Em outra coluna, Guilherme Freitas trata da questão dos direitos civis no Brasil e no mundo, discorrendo sobre o debate político e social que o casamento entre pessoas do mesmo sexo tem levantado na Argentina e no Brasil, enfocando, principalmente, o recente livro do militante gay e jornalista Bruno Bimbi. Este tipo de casamento, informa o jornalista, já foi legalizado em 14 estados brasileiros e também no Distrito Federal. No entanto, a vitória não está completa. Ao contrário, prevê-se luta renhida, pois as bancadas religiosas (católica e evangélica) preparam-se para uma verdadeira “guerra” no parlamento.

Quase correndo por fora, na contramão das notícias de violências contra homossexuais, Pedro Sprejer reporta que a Igreja Cristã Contemporânea abre suas portas, toda quarta-feira à noite, para acolher em uma casa, em Madureira, homens e mulheres gays que se sentem rejeitados pelo establishment religioso. A igreja tem seis sedes no estado do Rio, uma em Belo Horizonte e, em breve, uma em São Paulo.

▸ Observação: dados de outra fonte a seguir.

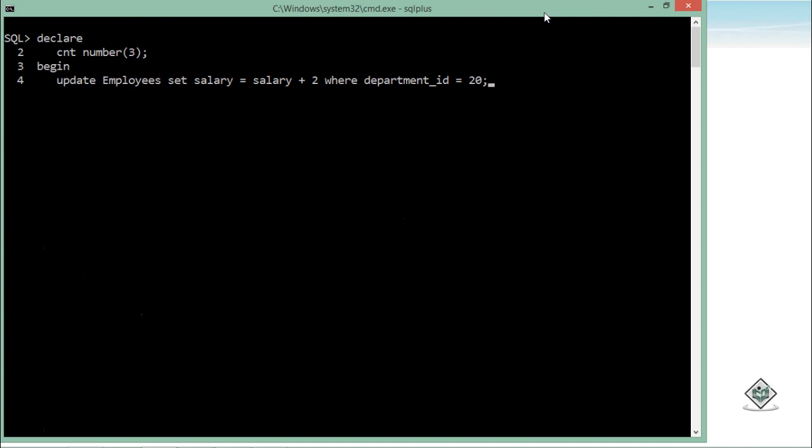If I want to check how many records are going to be updated, what I can do is I can simply use count = SQL, which is nothing but the name of your cursor, and then the attribute percent row count. So percent row count will give the number of rows which are executed.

Estas quatro notícias numa única edição de um único jornal são claras evidências de que, apesar dos inegáveis avanços, o preconceito está vivo e esperneando entre nós. A construção de uma sociedade plural e tolerante é algo demorado, exige tempo e investimentos de toda sorte. Não é de um dia para outro que o Brasil vai alcançar a almejada igualdade entre todos os seus cidadãos, não importa quão abrangente ou punitiva a legislação seja. Ainda temos que comer muito angu antes de chegar lá. Quanta dificuldade para ser vencida! Mas, por quê? Por quê?

Preconceito é preconceito

O homem é, por natureza, um ser contraditório. Se, por um lado, ele é o único capaz de sentir compaixão pelo outro, ele é também capaz das maiores atrocidades para com seus semelhantes e, especialmente, para com seus dessemelhantes. Em geral, todos os seres humanos são vítimas de preconceito, algum tipo claro ou disfarçado de discriminação. Segundo os estudiosos, os humanos menos sujeitos a discriminação seriam os homens brancos, de ascendência europeia, jovens, ricos, altos, bonitos, inteligentes, com educação superior, poliglotas, porte atlético, heterossexuais e bem-dotados. Qualquer outra pessoa fora dessas categorias vai sentir, em maior ou menor grau, algum tipo de discriminação. Portanto, mulheres, negros, asiáticos, baixinhos, pobres, gordos, idosos, monoglotas etc., preparem-se porque aí vem chumbo!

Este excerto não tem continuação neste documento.